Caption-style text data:
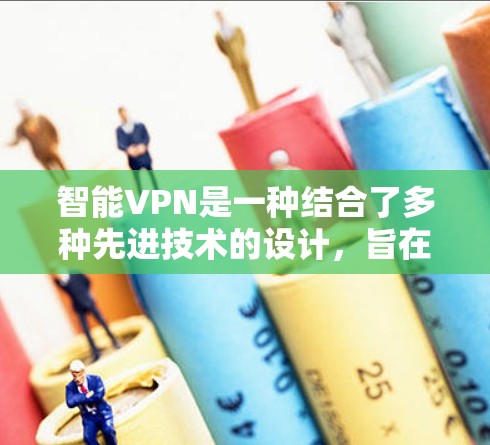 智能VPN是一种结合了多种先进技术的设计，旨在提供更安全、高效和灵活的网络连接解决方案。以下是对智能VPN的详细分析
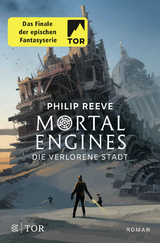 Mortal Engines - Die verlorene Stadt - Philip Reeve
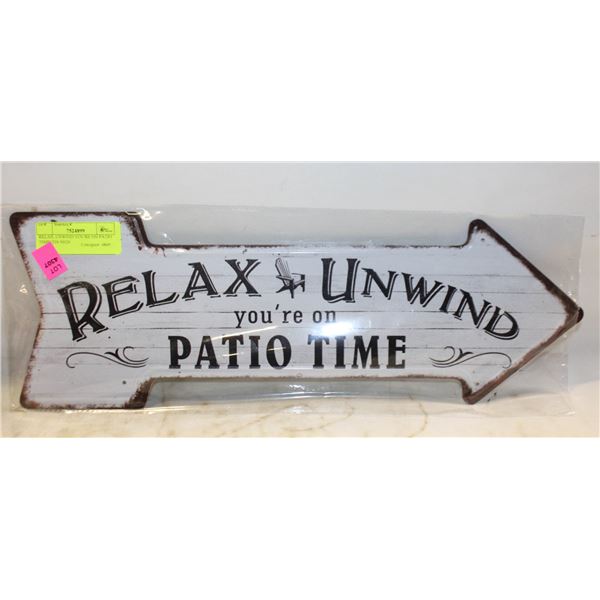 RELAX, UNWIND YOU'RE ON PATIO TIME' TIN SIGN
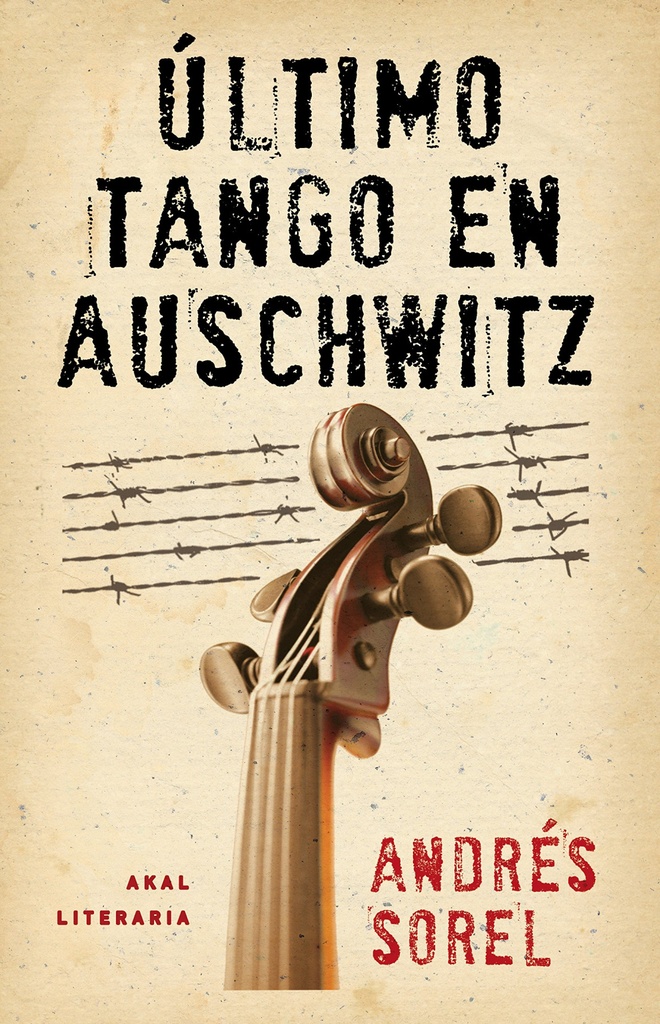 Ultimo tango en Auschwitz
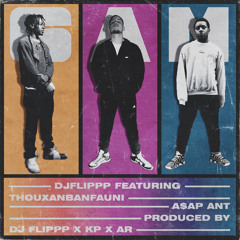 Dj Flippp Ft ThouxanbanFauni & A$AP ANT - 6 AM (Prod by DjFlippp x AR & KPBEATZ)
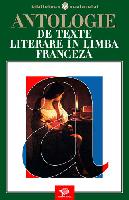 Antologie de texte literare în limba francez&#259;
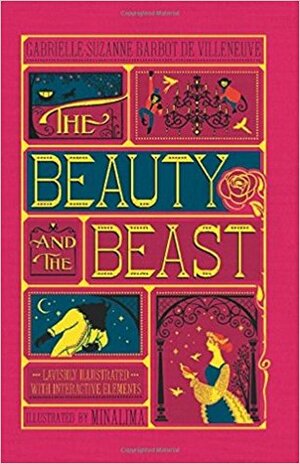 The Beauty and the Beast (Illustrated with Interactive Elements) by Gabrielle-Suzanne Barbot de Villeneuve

**PROMPT**
Would you write out each entry word for word and omit the images?

**ANSWER TO THE EXERCISE**
 智能VPN是一种结合了多种先进技术的设计，旨在提供更安全、高效和灵活的网络连接解决方案。以下是对智能VPN的详细分析
 Mortal Engines - Die verlorene Stadt - Philip Reeve
 RELAX, UNWIND YOU'RE ON PATIO TIME' TIN SIGN
 Ultimo tango en Auschwitz
 Dj Flippp Ft ThouxanbanFauni & A$AP ANT - 6 AM (Prod by DjFlippp x AR & KPBEATZ)
 Antologie de texte literare în limba francez&#259;
 The Beauty and the Beast (Illustrated with Interactive Elements) by Gabrielle-Suzanne Barbot de Villeneuve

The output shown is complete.